Did the McCain-Feingold reform bill—and its successful defense in court—accomplish anything? President Bush is set to shatter all fund-raising records. The changes also did little to control soft money, which is now funneled through 527s (named for the legislative code that legitimizes their activities). Incidentally, the Federal Election Committee recently limited the role of 527s, but did nothing to dispel the bipartisan consensus that plenty of room for soft money still exists.
"Further congressional action is likely," wrote Supreme Court Justices John Paul Stevens and Sandra Day O'Connor in the majority opinion narrowly upholding the law. It is a reality that campaign reformers understand. Unfortunately, reform discussions remain yet another instance of America's obliviousness to the outside world. Congress seems unwilling to glean any lessons that other countries have learned the hard way.
It's time we pull our heads from the sand. Many developing countries have crafted innovative responses to severe political-finance problems, ranging from incremental reform to wholesale restructuring. Their experiences provide crucial insights for the world's only superpower.
No perfect model exists. But the most successful systems operate under unprejudiced oversight bodies, allow complete funding transparency and anticipate counterproductive legislation.
It's hard to overstate the value of a fair, nonpartisan oversight board. Mexican campaign finance, for example, remains marred by loopholes that allow spending beyond the legal limits (savvy anonymous donors can exploit the law to give unlimited contributions). Yet the country's Federal Election Institute is worthy of emulation.
Unlike appointments to our FEC—which are allocated according to political affiliation—the IFE's members don't have partisan ties and must be acceptable to all major parties. The public respects the IFE for its impartiality and its vigorous pursuit of finance abuses. The institute recently fined one party, the PRI, $90 million for taking public money from the state-run oil company. It was an amazing display of independence given that the PRI ruled Mexico for more than 70 years and remains the largest party in parliament. Mexico is still quite corrupt, but much less so thanks to the IFE.
Funding transparency is equally important. Candidates will always want to collect more money than their opponents, but effective disclosure allows voters to know which candidate took money from which special interests.
Take Latvia's recent campaign legislation. Although changes enacted in 2002 reduced how much individuals and companies could donate, spending continues to spiral out of control, just like in the United States.
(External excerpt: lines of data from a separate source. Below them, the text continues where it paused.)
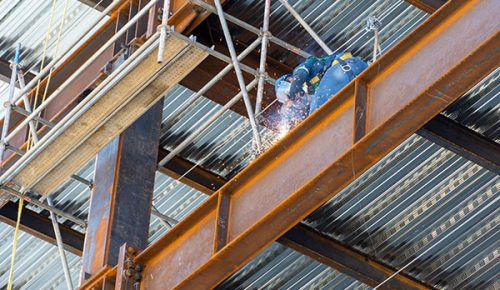 A male welding steel on a girder at heights, on a building structure in Mexico Guadalajara Latin America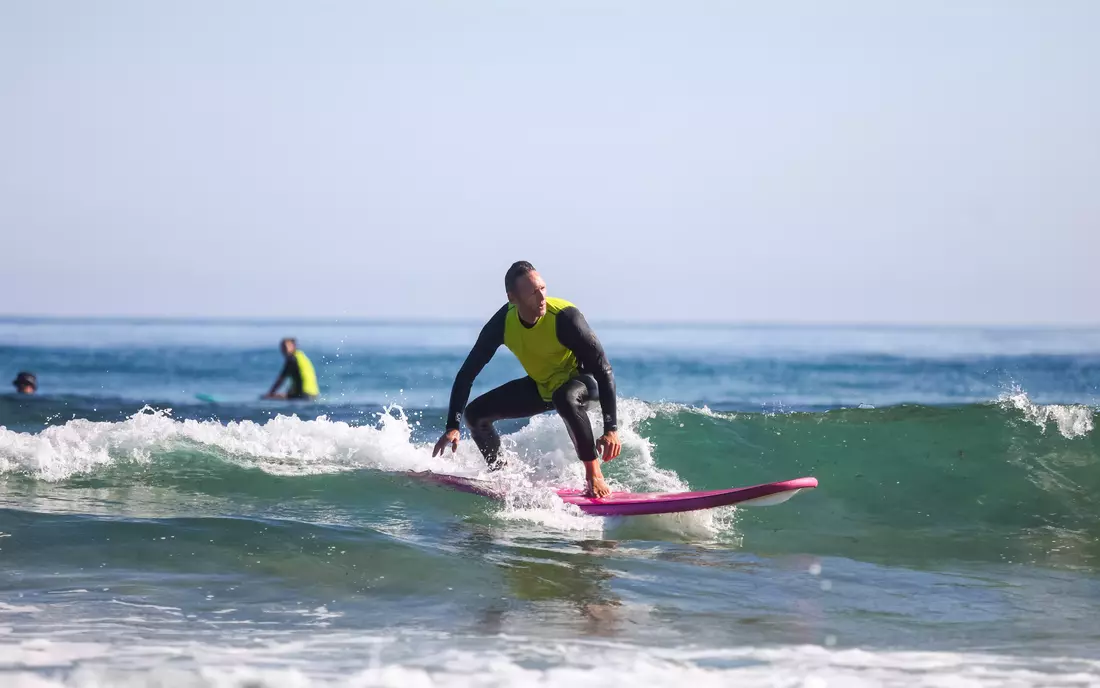 surfing at surf camp oyambre in northern spain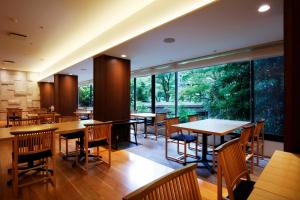 een restaurant met tafels en stoelen en grote ramen bij Yoshiike Ryokan in Hakone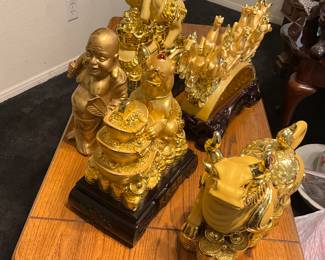 Miscellaneous figurines, A golden rat statue symbolizing wealth and prosperity on an inscribed base. A modern Feng Shui decorative statue of a bull with gold accents. A modern decorative resin horse statue with gold electroplating. I estimate this decorative resin horse statue to be valued between $50-$100 USD. Sale price, $30 each.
The culprit is a continued lack of transparency. Government watchdogs tolerate illegal practices, like filing false reports and using fake companies to channel illicit funds. Latvia's electoral commission further exacerbates the problem because it is neither fully independent nor seriously committed to reform. The United States has at least partial transparency, but the quarterly report system and the prevalence of soft money often make it difficult to determine who is sponsoring what message.
Finally, American reformers should learn to be wary before enacting potentially counterproductive laws. Thailand's most enduring electoral problem—widespread vote buying—stems from a well-intentioned 1979 ban on films and entertainers at political rallies. No longer able to offer free entertainment, politicians simply paid voters directly for their support.
For decades, Thai reformers struggled against the corruption they unleashed. In 1997, a new constitution granted the electoral commission expansive powers, including the ability to set spending limits, cancel elections on the mere suspicion of corruption, and offer modest public financing. Yet vote buying and other corrupt habits remain so thoroughly embedded that even draconian measures have little effect.
While direct vote buying is not a problem here, American reformers should think long and hard about how political parties might adapt to a crackdown on unsavory campaign activities. Thailand's problem parallels our Congress' unsuccessful efforts to ban soft money. McCain-Feingold shows it is much easier to prevent corruption from arising, than to stomp it out after it is entrenched.
America does not possess a monopoly on finance-related corruption. Next time McCain and company set their sights on reform, they should learn from other countries that continue to struggle with these issues. Otherwise, future reforms, much like the last batch, won't accomplish more than the illusion of change.
Geoffrey J. Swenson is a Junior Fellow with the Democracy and Rule of Law Project at the Carnegie Endowment for International Peace.